### WHAT YOU SHOULD DO
Search term "Multi": please copy every line of the records below that contains it.

== DATA FOR PROCESSING ==

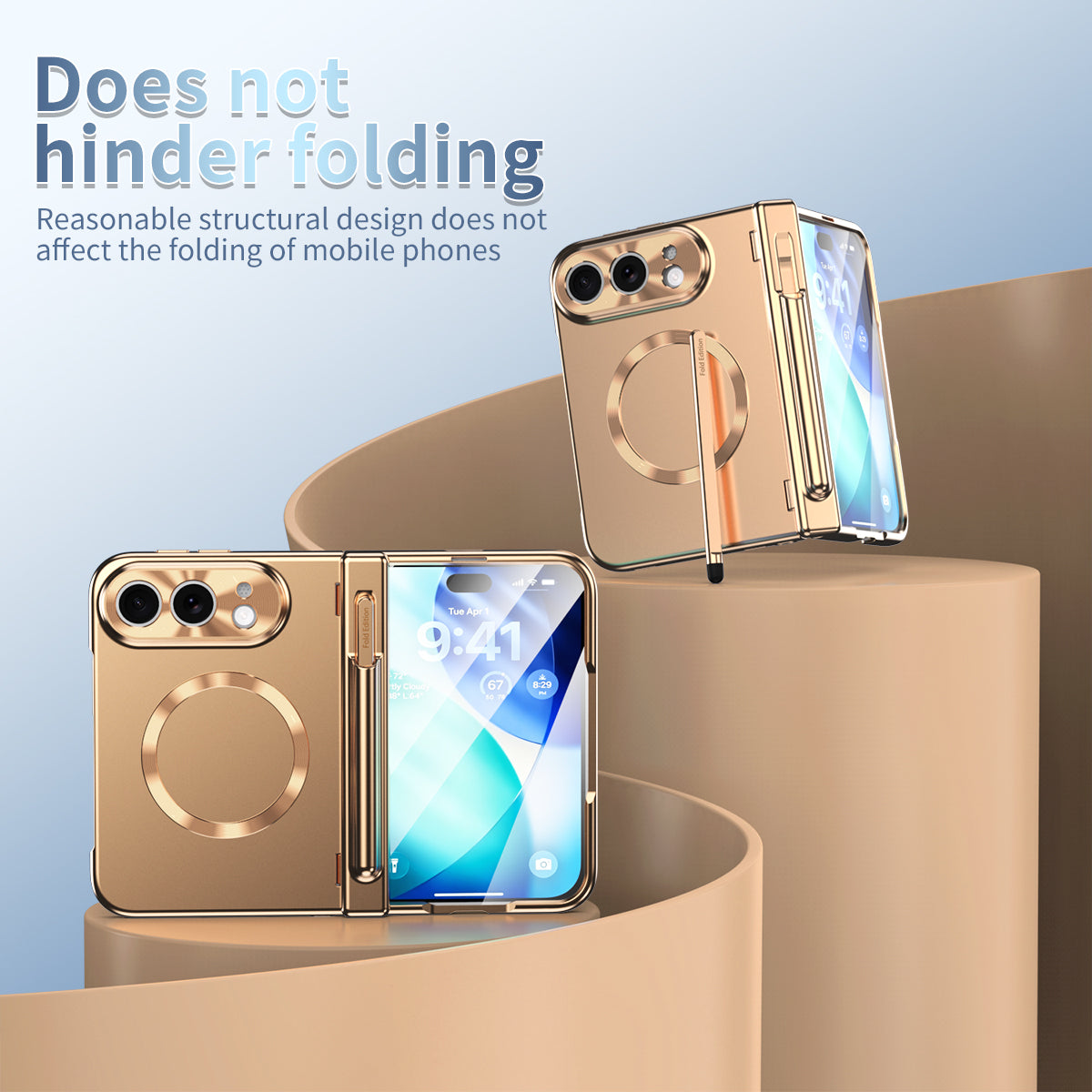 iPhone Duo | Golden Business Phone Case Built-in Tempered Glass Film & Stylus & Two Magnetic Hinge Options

===
== DATA FOR PROCESSING ==

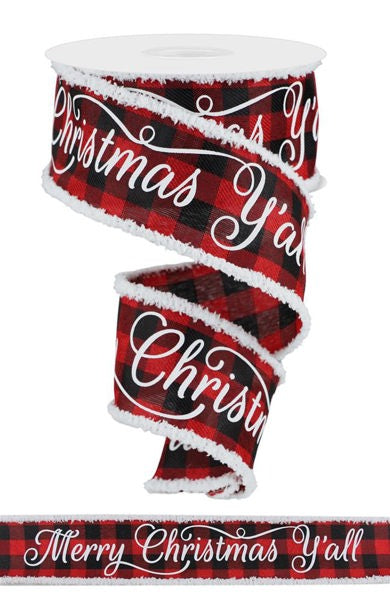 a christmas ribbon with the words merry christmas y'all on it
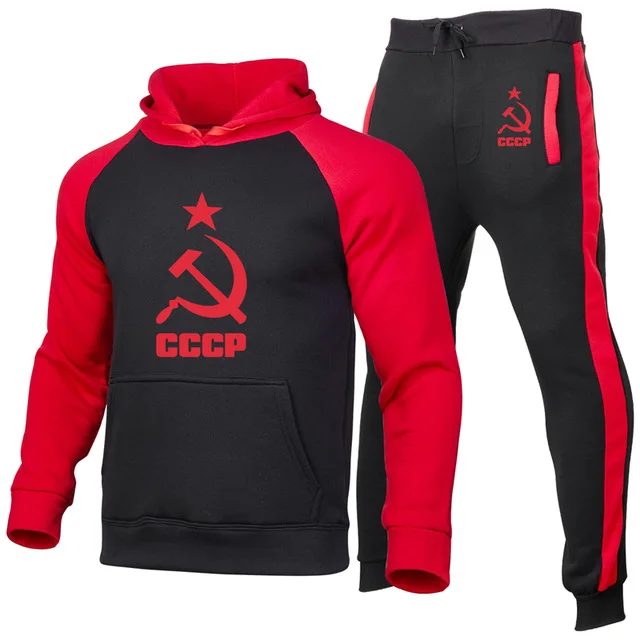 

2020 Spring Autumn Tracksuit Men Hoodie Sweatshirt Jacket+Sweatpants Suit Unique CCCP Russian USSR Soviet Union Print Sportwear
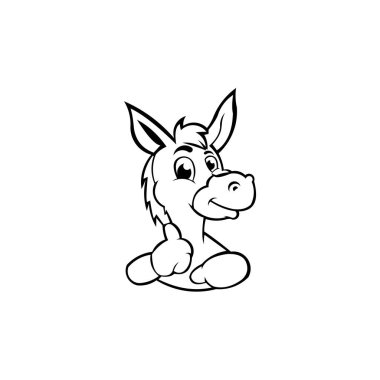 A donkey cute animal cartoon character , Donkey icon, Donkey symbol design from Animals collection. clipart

===
== DATA FOR PROCESSING ==

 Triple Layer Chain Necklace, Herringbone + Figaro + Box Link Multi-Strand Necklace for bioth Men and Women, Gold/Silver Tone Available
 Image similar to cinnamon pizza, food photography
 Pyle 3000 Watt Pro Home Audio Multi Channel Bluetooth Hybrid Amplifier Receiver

===

### COMPLETED EXERCISE
 Triple Layer Chain Necklace, Herringbone + Figaro + Box Link Multi-Strand Necklace for bioth Men and Women, Gold/Silver Tone Available
 Pyle 3000 Watt Pro Home Audio Multi Channel Bluetooth Hybrid Amplifier Receiver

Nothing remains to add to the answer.